Scraped caption text data:
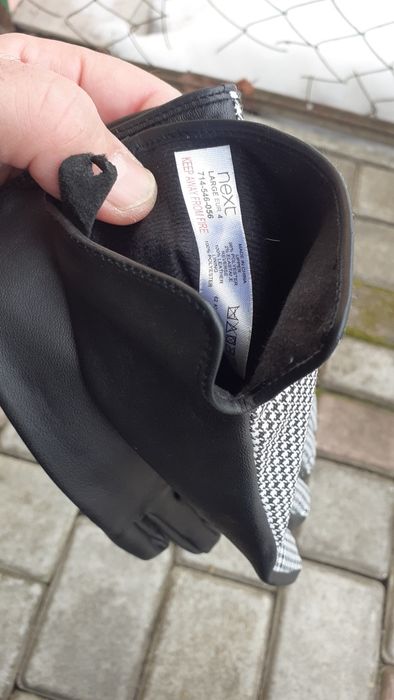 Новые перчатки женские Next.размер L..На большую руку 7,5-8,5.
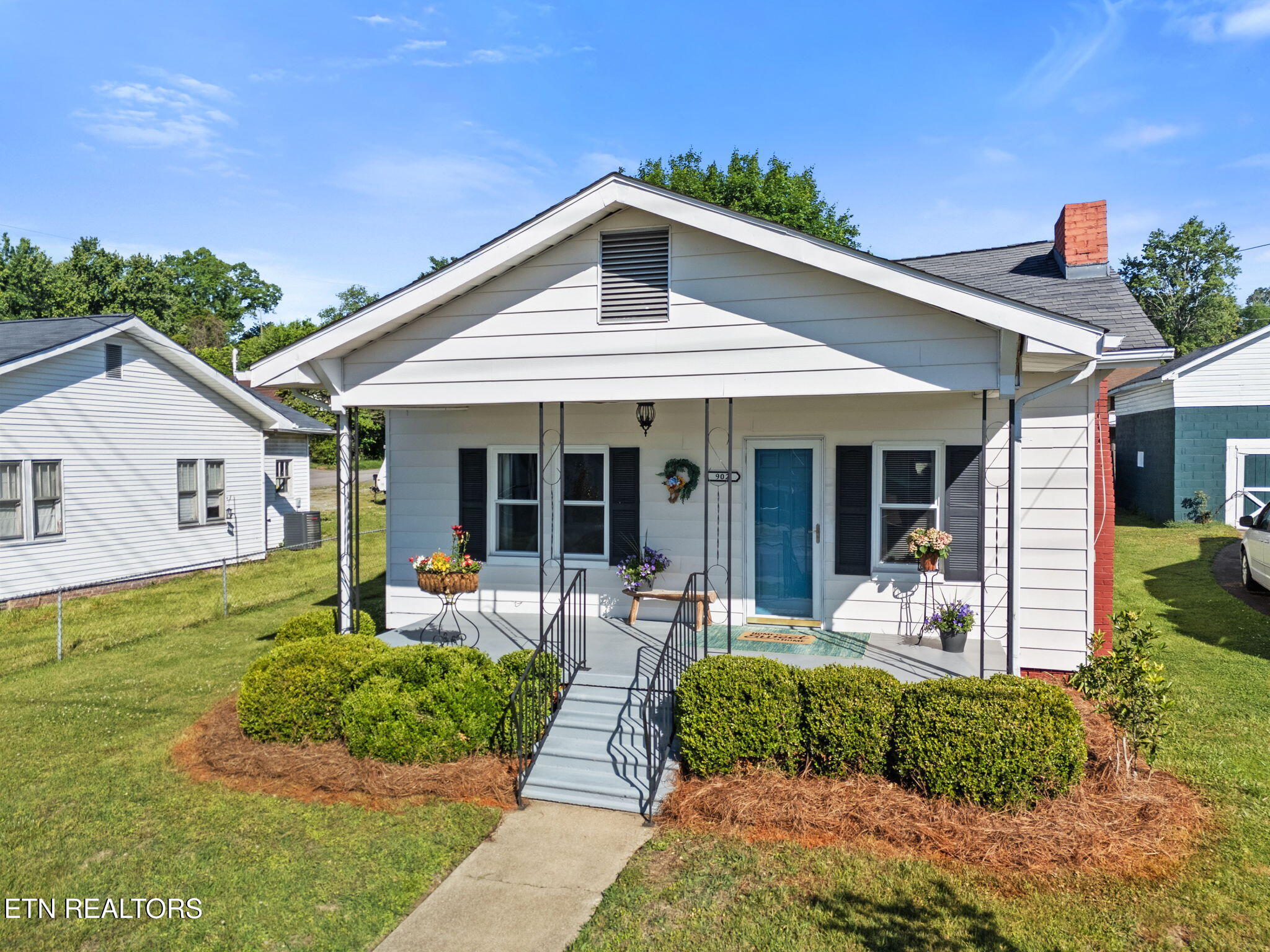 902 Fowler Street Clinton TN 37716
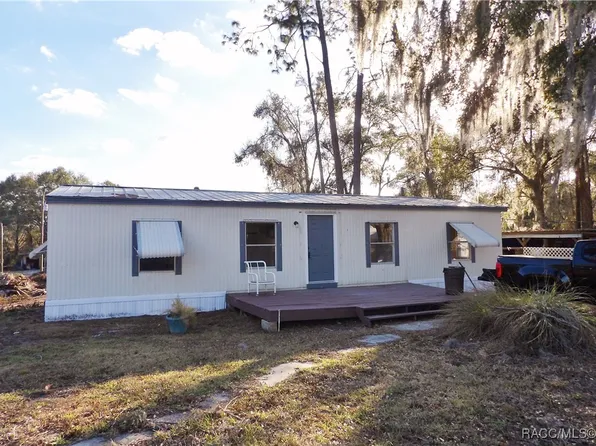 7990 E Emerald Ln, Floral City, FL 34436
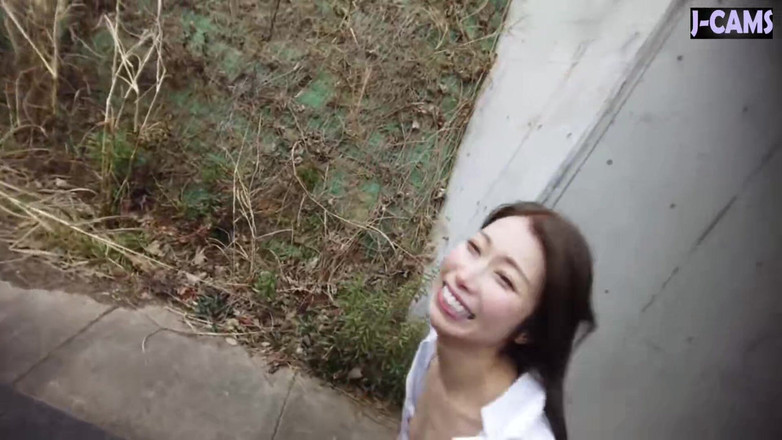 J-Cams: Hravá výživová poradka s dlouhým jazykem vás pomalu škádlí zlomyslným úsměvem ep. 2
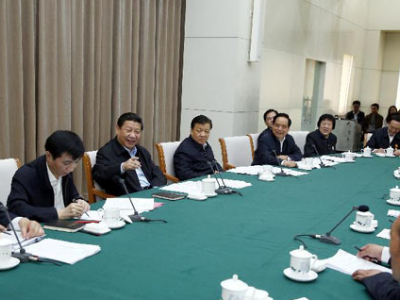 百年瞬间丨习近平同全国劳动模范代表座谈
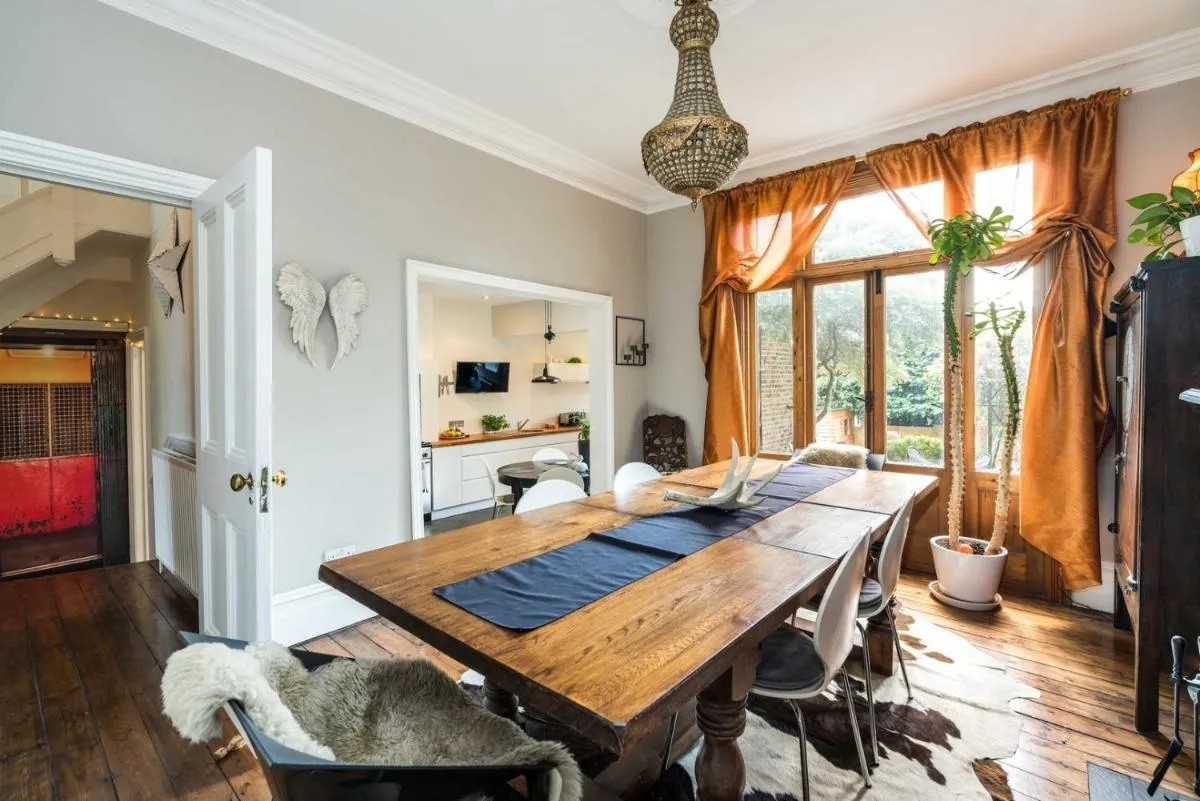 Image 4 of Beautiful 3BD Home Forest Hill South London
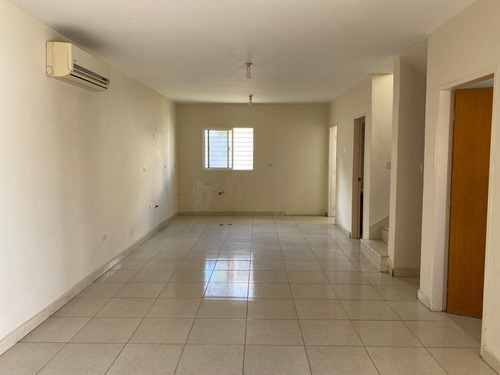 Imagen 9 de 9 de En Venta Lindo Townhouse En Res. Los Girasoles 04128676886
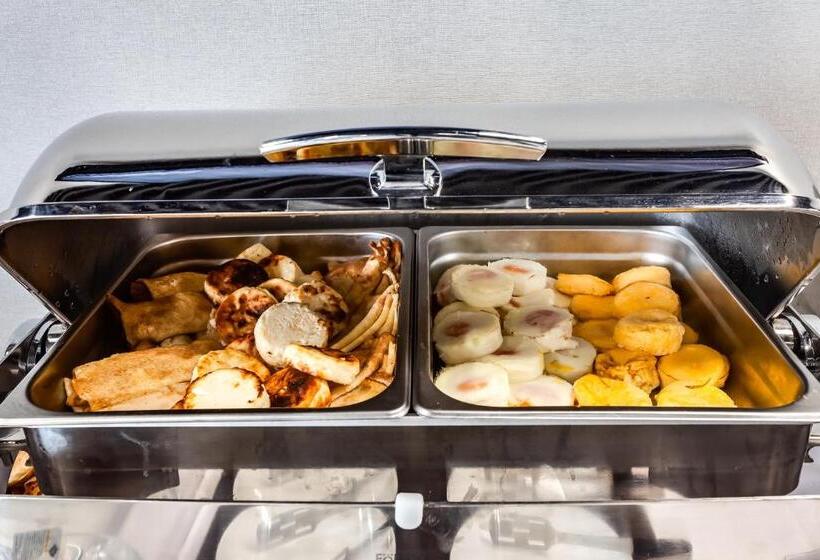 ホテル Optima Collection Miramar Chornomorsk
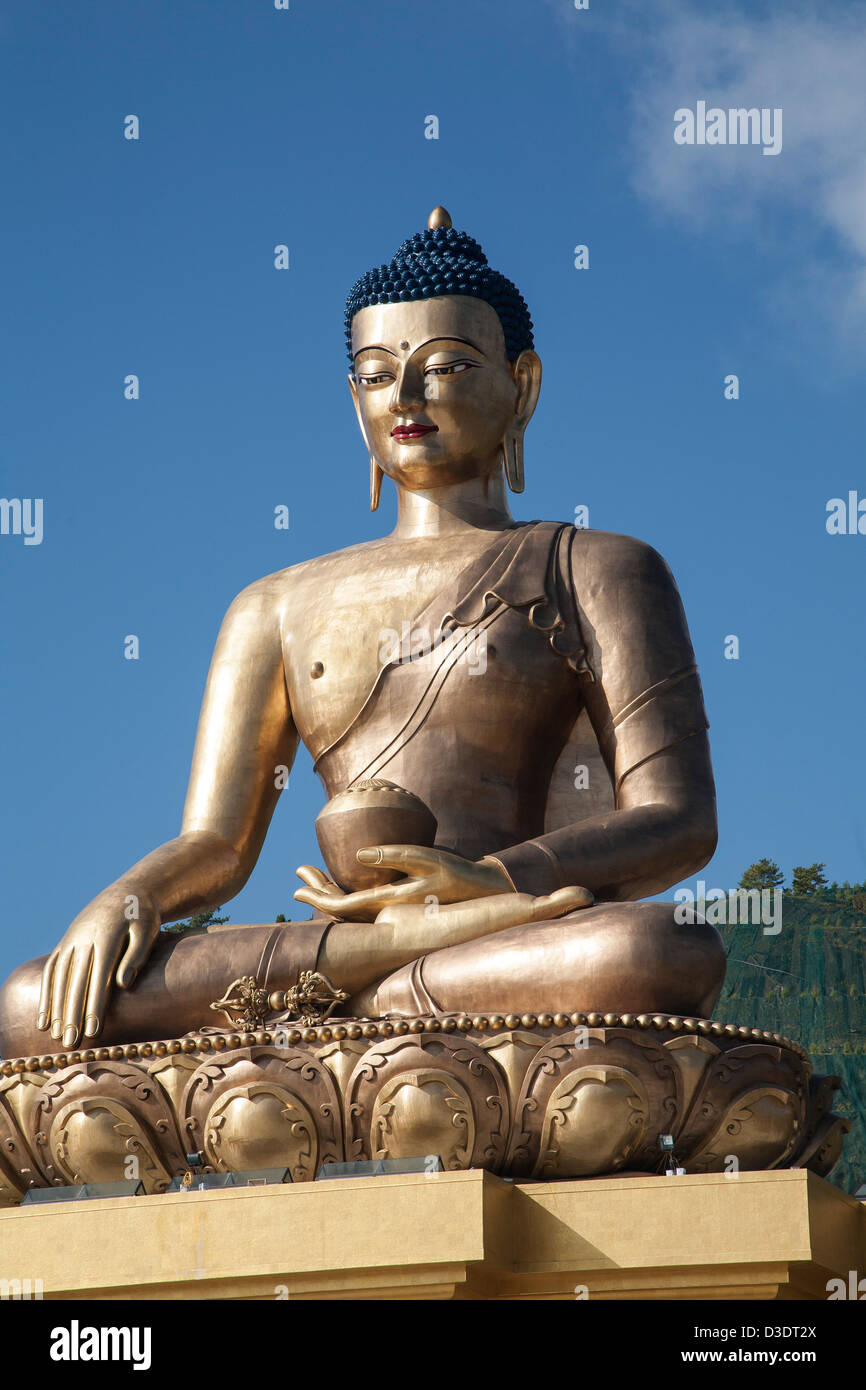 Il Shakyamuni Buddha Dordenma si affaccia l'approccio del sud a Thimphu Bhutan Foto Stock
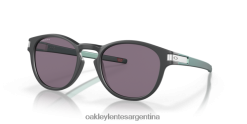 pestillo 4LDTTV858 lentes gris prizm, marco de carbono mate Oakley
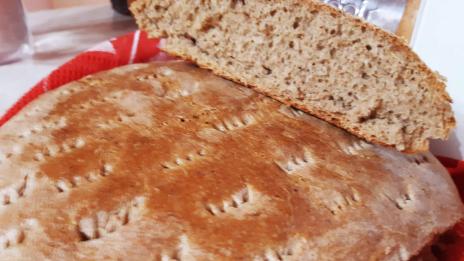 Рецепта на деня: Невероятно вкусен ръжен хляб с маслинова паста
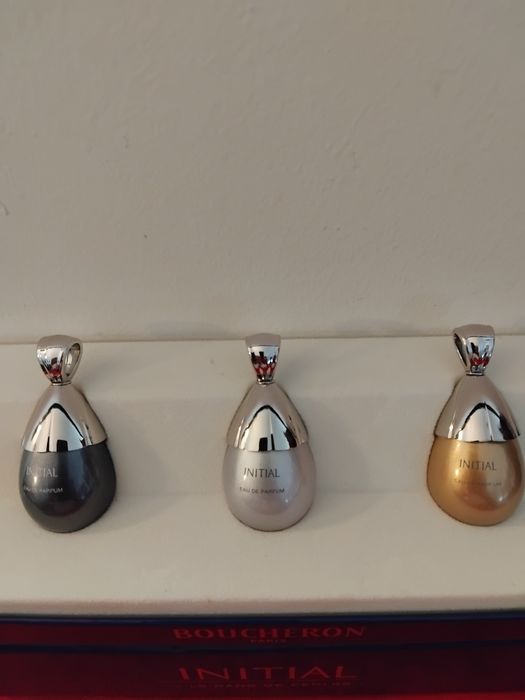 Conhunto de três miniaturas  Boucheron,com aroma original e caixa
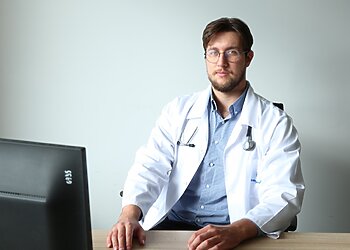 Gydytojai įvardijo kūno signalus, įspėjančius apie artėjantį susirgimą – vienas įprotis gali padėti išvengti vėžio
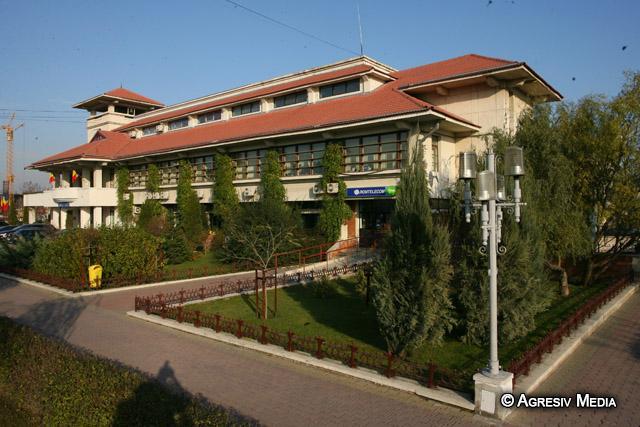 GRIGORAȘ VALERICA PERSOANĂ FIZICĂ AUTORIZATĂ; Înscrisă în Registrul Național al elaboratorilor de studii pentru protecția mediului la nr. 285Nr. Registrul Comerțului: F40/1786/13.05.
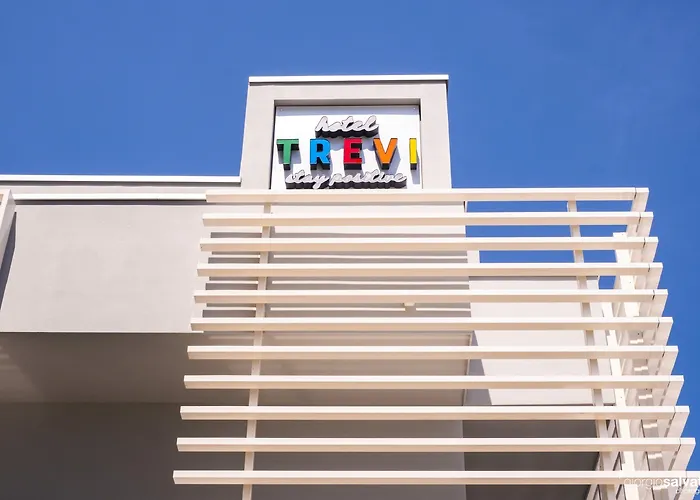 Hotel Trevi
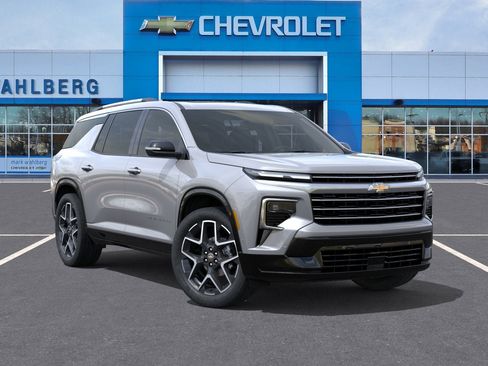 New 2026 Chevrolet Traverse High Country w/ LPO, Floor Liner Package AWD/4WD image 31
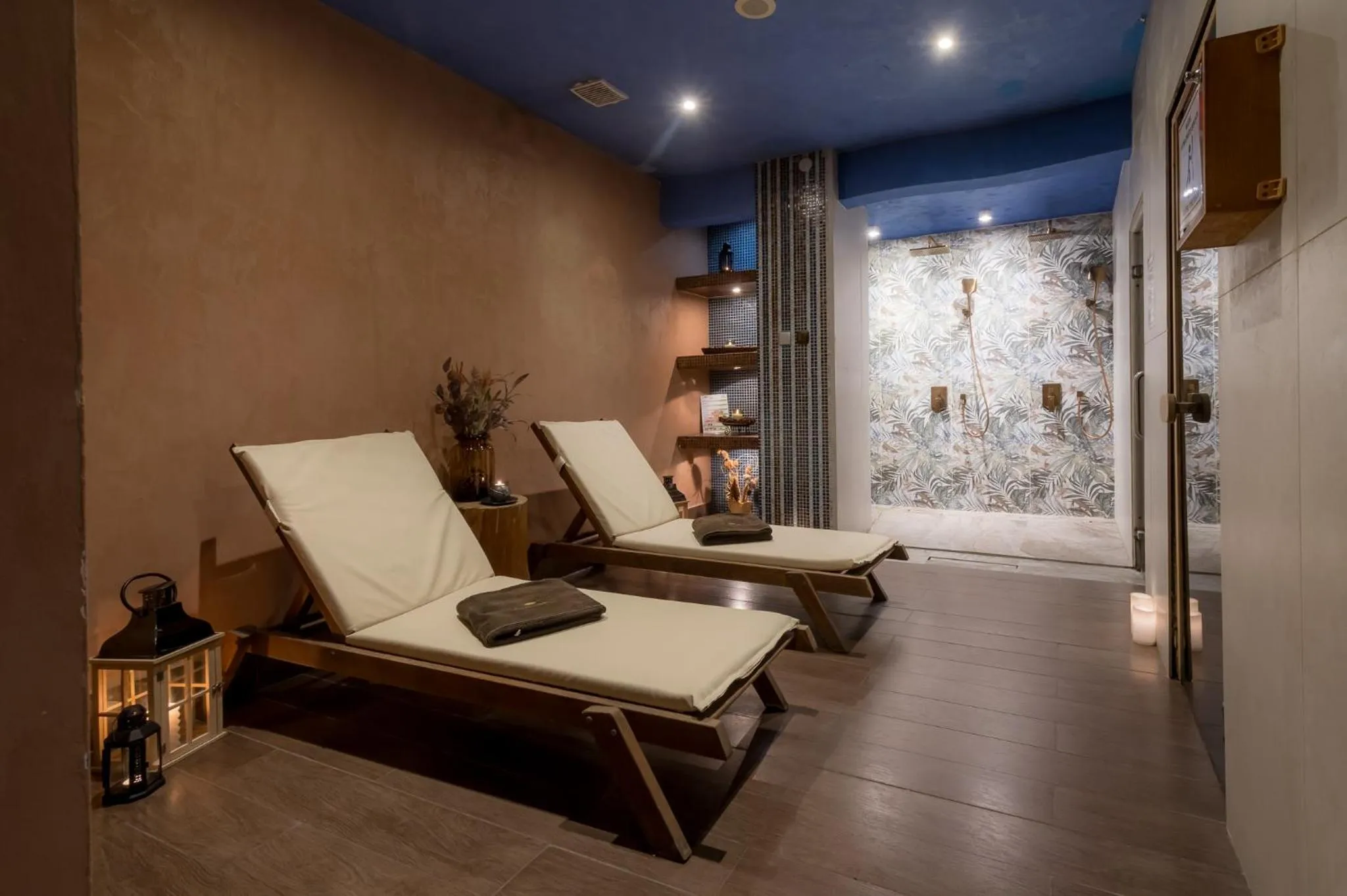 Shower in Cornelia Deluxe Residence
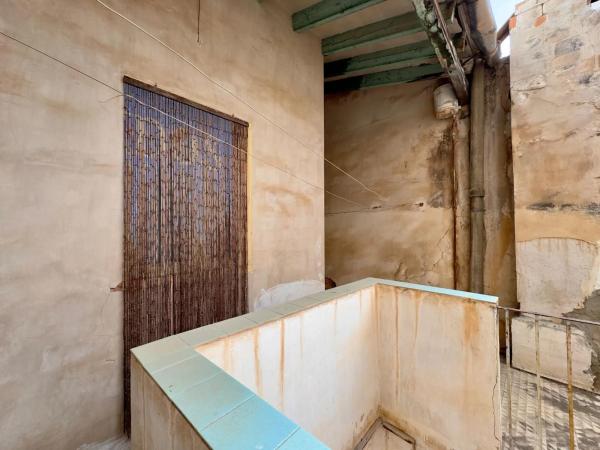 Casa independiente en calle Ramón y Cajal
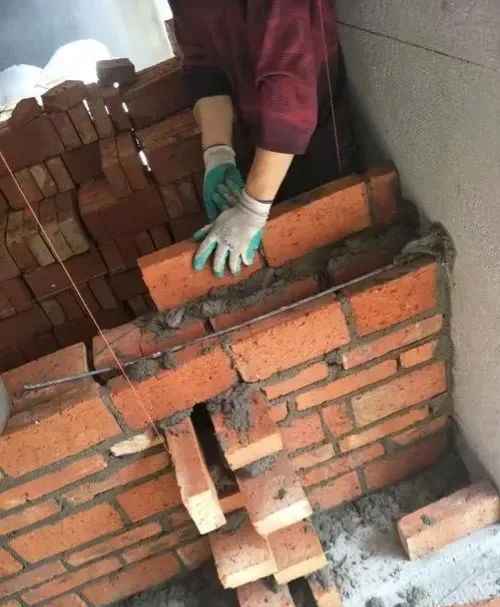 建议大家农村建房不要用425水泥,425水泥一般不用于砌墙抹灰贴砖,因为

- **Instructions for the task**:
Your task is to copy only the lines above starting at the one containing "Imagen 9 de" and ending at the one containing "Hotel Trevi". Copy them exactly, both ends included, and omit the pictures.

- **Completed exercise**:
 Imagen 9 de 9 de En Venta Lindo Townhouse En Res. Los Girasoles 04128676886
 ホテル Optima Collection Miramar Chornomorsk
 Il Shakyamuni Buddha Dordenma si affaccia l'approccio del sud a Thimphu Bhutan Foto Stock
 pestillo 4LDTTV858 lentes gris prizm, marco de carbono mate Oakley
 Рецепта на деня: Невероятно вкусен ръжен хляб с маслинова паста
 Conhunto de três miniaturas  Boucheron,com aroma original e caixa
 Gydytojai įvardijo kūno signalus, įspėjančius apie artėjantį susirgimą – vienas įprotis gali padėti išvengti vėžio
 GRIGORAȘ VALERICA PERSOANĂ FIZICĂ AUTORIZATĂ; Înscrisă în Registrul Național al elaboratorilor de studii pentru protecția mediului la nr. 285Nr. Registrul Comerțului: F40/1786/13.05.
 Hotel Trevi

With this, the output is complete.